Figure 1.  Knowledge synthesis and the nferX Single Cell resource.
(A) Knowledge synthesis: capturing association between concepts from over 100 million documents. Schematic shows the workflow for generating literature-derived associations between phrases. Local score and global score are defined and the types of literature-derived associations are shown for combinations of high and low local and global scores. (B) Datasets enabling knowledge synthesis-powered scRNAseq analysis platform (https://academia.nferx.com/). Single-cell RNAseq data was obtained from publicly available human and mouse single-cell RNA-seq datasets. Bulk RNA-seq data was obtained from Gene Expression Omnibus (GEO) and the Genotype Tissue Expression (GTEx) project portal. Protein-level expression of coronavirus receptors was assessed using a collection of immunohistochemistry (IHC) images and tissue proteomics datasets from the Human Protein Atlas and the Human Proteome Map. Literature-derived association scores are obtained from over 100 million biomedical documents (C) Highlighting selected tissues and cell types identified by one or more modalities to express ACE2, the putative receptor of SARS-CoV-2 spike protein. Image template: https://www.proteomicsdb.org/.
Figure 1—figure supplement 1.  Validation of metrics used to assess literature-derived associations.

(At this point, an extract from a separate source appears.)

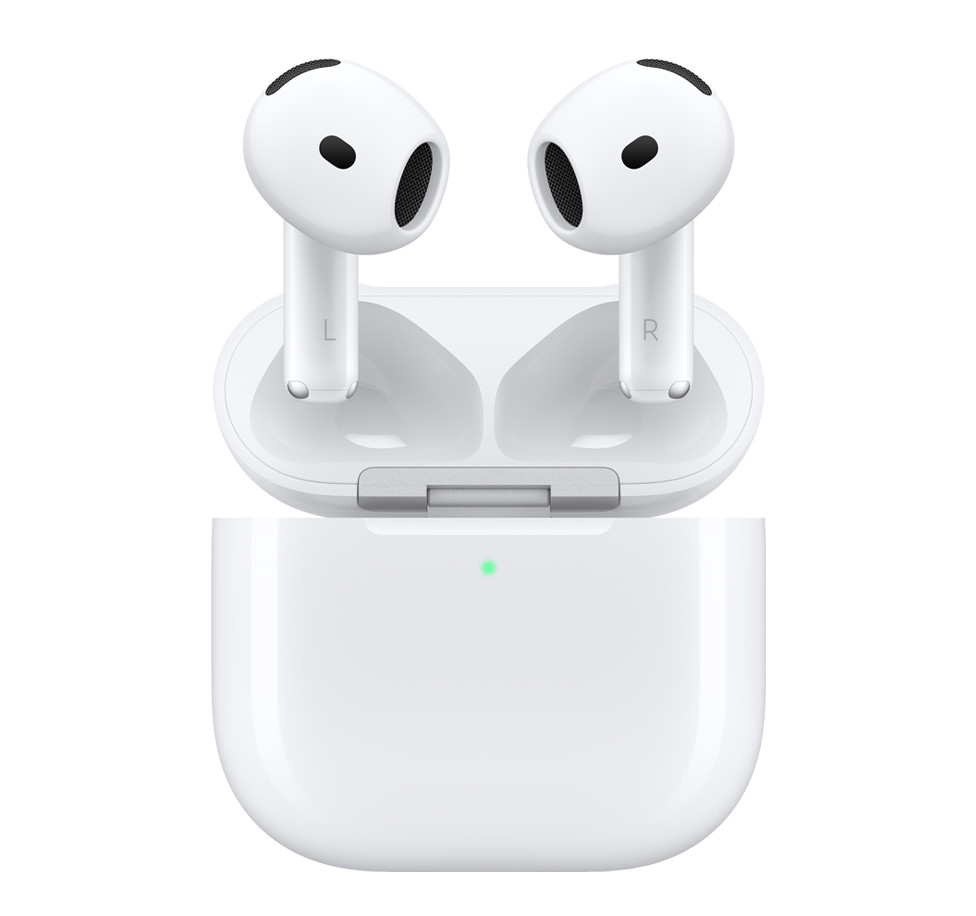 AirPods 4 Cancelación activa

A)-(B) 1-d logistic model predicting true vs random concept pair associations from (A) cosine score and (B) Exponential Local Score. Extent of separation between the green true associations and red random associations indicates extent to which score captures known concept associations. (C) Normalized histograms of co-occurrence counts (on logarithmic scale) for high-cosine vs low-cosine token pairs. (D) Distribution of cosines between gene-disease token vector pairs vs null distributions of cosines between pairs of random 300-d vectors. (E) Null cosine distribution between two random vectors, as the dimension of the vectors varies. In order to assess the veracity of these conceptual associations derived from biomedical literature, it is absolutely essential to enable triangulation with structured data sources including gene and protein expression datasets. To address this need and empower the scientific community, we built a Single Cell RNA-seq (scRNAseq) resource (https://academia.nferx.com/) which harnesses these local and global score metrics to enable seamless integration of literature-derived associations with the analysis of transcriptomes from over 2.2 million individual cells from over 50 human and mouse tissue-types (Figure 1B). Here, we use this first-in-class resource to conduct a comprehensive expression profiling of ACE2 across host tissues and cell types and discuss how the observed expression patterns correlate with the pathogenicity and viral transmission shaping the ongoing COVID-19 pandemic (Figure 1C).